Wednesday, September 12, 2007


Man has always been aware of gravity, even if that conception was as simple as "what goes up, must come down". Before the advent of the scientific revolution, the study of science was merely qualitative: it was a matter of speculation and philosophical debate rather than evidence and testing hypotheses. Aristotle for example, believed that all things moved downwards because it was their natural place.

Although ideas of gravity were pretty well developed outside of Europe (although we always pay our attentions in the history of science to European scientists, we must not forget that scientists in the Middle East, India and China were often much more advanced than Europe at various times, especially during the Dark Ages), it was in Europe that major theoretical advances were made.

In the early 16th century, a Catholic cleric named Nicolaus Copernicus, who was also a highly skilled astronomer wrote a book named De revolutionibus orbium coelestium. Legend has it that on the day Copernicus died, the book was delivered to his hands, and died peacefully after he had seen it. This book was the first of its kind offering an alternative to the geocentric theories (the idea that the Sun revolved around the Earth). Copernicus, being a Catholic cleric was wary enough to state very clearly that his work was merely a fantasy, and not something that he believed was true, because to believe in heliocentricity (the Earth revolving around the Sun) was considered contrary to the Bible.

In his book, he proposed that the planets, including the Earth, revolved around the Sun in perfect circles, and in so doing was able to explain some phenomena that were never very well explained by the geocentric theory, such as the fact that Mars does not move in a continuous motion throughout the sky at times, sometimes going forwards, coming to a halt, and then moving backwards (known as Retrograde motion)
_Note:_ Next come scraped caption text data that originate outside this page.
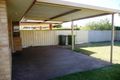 Property photo of 6 Culling Grove Eaton WA 6232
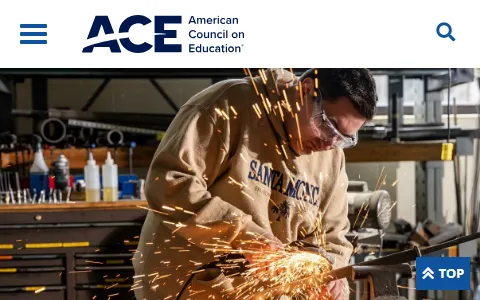 ACE status preview image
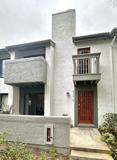 8750 Villa La Jolla Dr - Photo 1 of 1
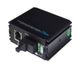 UOF3-GMC01-AST20KM 1Гб медіаконвертор, приймач (Rx) 22514 фото 1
However his theory wasn't able to match up fully with celestial observations at that time. It would take subsequent modification by Kepler (who did away with the perfectly circular motion and replaced it with simply elliptical motion) to become a coherent set of rules that could easily predict the motion of the planets.
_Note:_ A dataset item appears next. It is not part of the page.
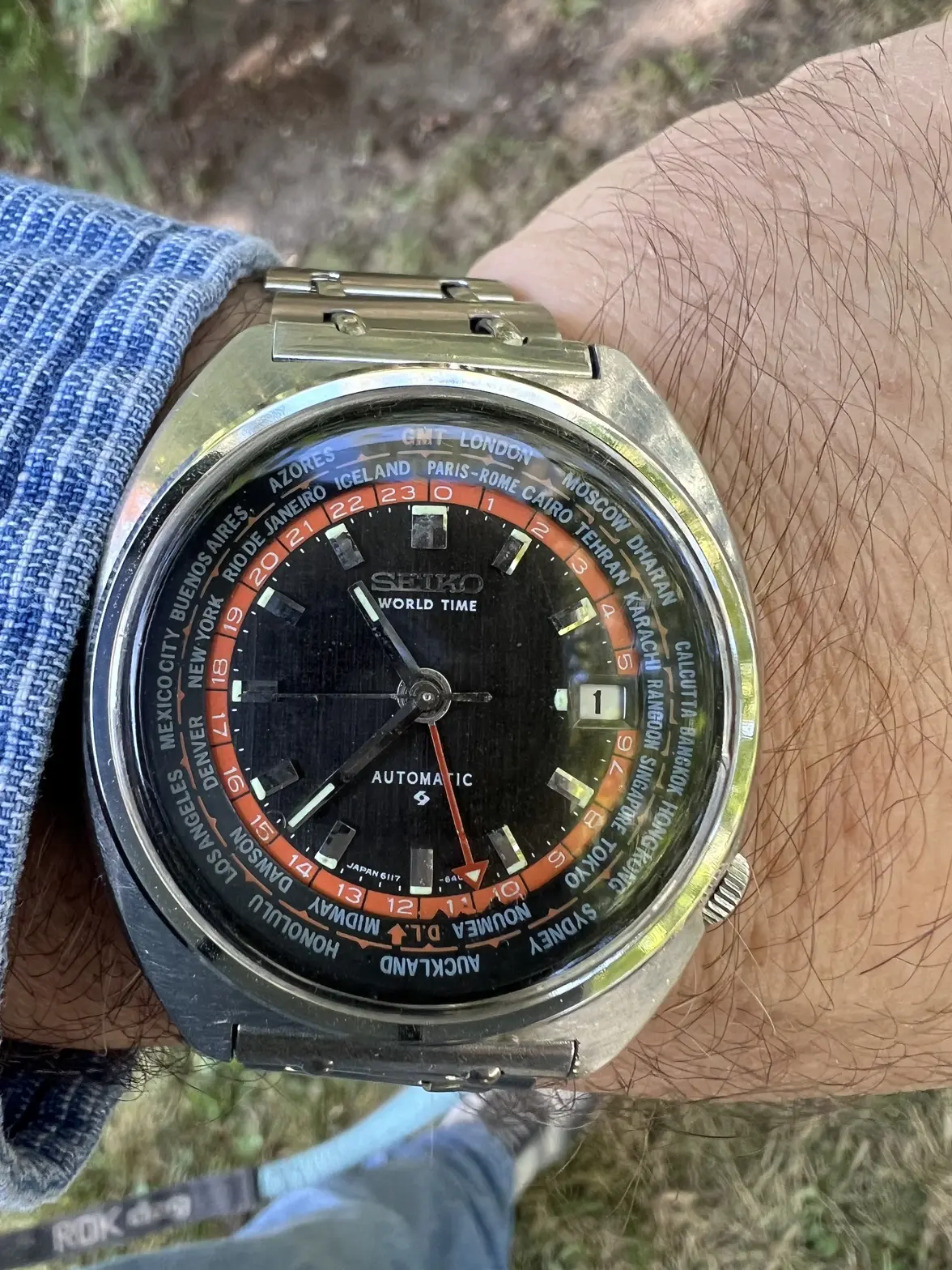 IMG_7919.webp IMG_7919.webp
Kepler developed his own three laws of planetary motion to explain how the planets revolved around the sun (click here to find out more).

For example, one of Kepler's laws state that if a planet, at two different segments, sweeps out an area (as shown in blue) with equal area, then they must have travelled that segment in the same amount of time.
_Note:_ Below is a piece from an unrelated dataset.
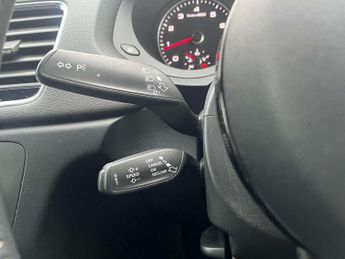 MINI Hatchback 2.0 S Sport 3dr Auto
Notice that his laws are useful in the prediction of the motion of planets, but yet do not tell us fundamentally the reasons for their motion: This is why his laws are considered laws of kinematics: we can describe the motion, but we don't really know why, much like the laws of kinematics that you have studied.

Notice also that his laws do not involve gravity, whereas today we know the reason for their motion is because the Sun's gravity acts on them. It may seem obvious to us today, but before Isaac Newton was knocked on the head by an apple, it was difficult to realise that the same gravitational force that brings apples to the ground also kept the planets in motion!

Our first truly useful theory of gravity was provided by who else but Isaac Newton. He hypothesised that gravitational force could be computed as follows:

The force of gravity between two objects is given by the mass of one object multiplied by the mass of the other, divided by the distance separating them squared, times the universal gravitational constant G.

What this equation says is profound: firstly, it states that any, and truly any two masses exert a gravitational force on one another. Right now, whether you know it or not, even though I am halfway across the world, I am exerting a gravitational pull on you now, although of course it is so small as to not affect you at all. (There is something profound in this as well. Clearly it is very absurd that my movement right now can somehow affect you halfway across the world: how is the force transmitted?)

Also, notice that the denominator of the equation is squared: what this means that for an increase in distance between two objects, the force drops off significantly, which suggests that the force of gravity is very weak.

And finally, one of the most excellent strokes of brilliance by Newton, his universal gravitational constant was a constant that he believed applied everywhere in the universe: an extremely bold conclusion! But yet, a few hundred years later, he was proven right: the value of G was found to be 6.67 x 10-11, as first determined by the Cavendish Experiment.

This equation was put to great effect by Newton in explaining the motion of the celestial bodies, successfully incorporating all three of Kepler's Laws under this simple equation. Today, this equation is no longer regarded as the best way to describe gravity: it has been supplanted by General Relativity. But still, it is extremely useful in the prediction of celestial objects in the Solar System, since the difference between Newton's law of gravitation is not significantly different from General Relativity in our region. When I start my lessons in relativity I may come back here and talk more!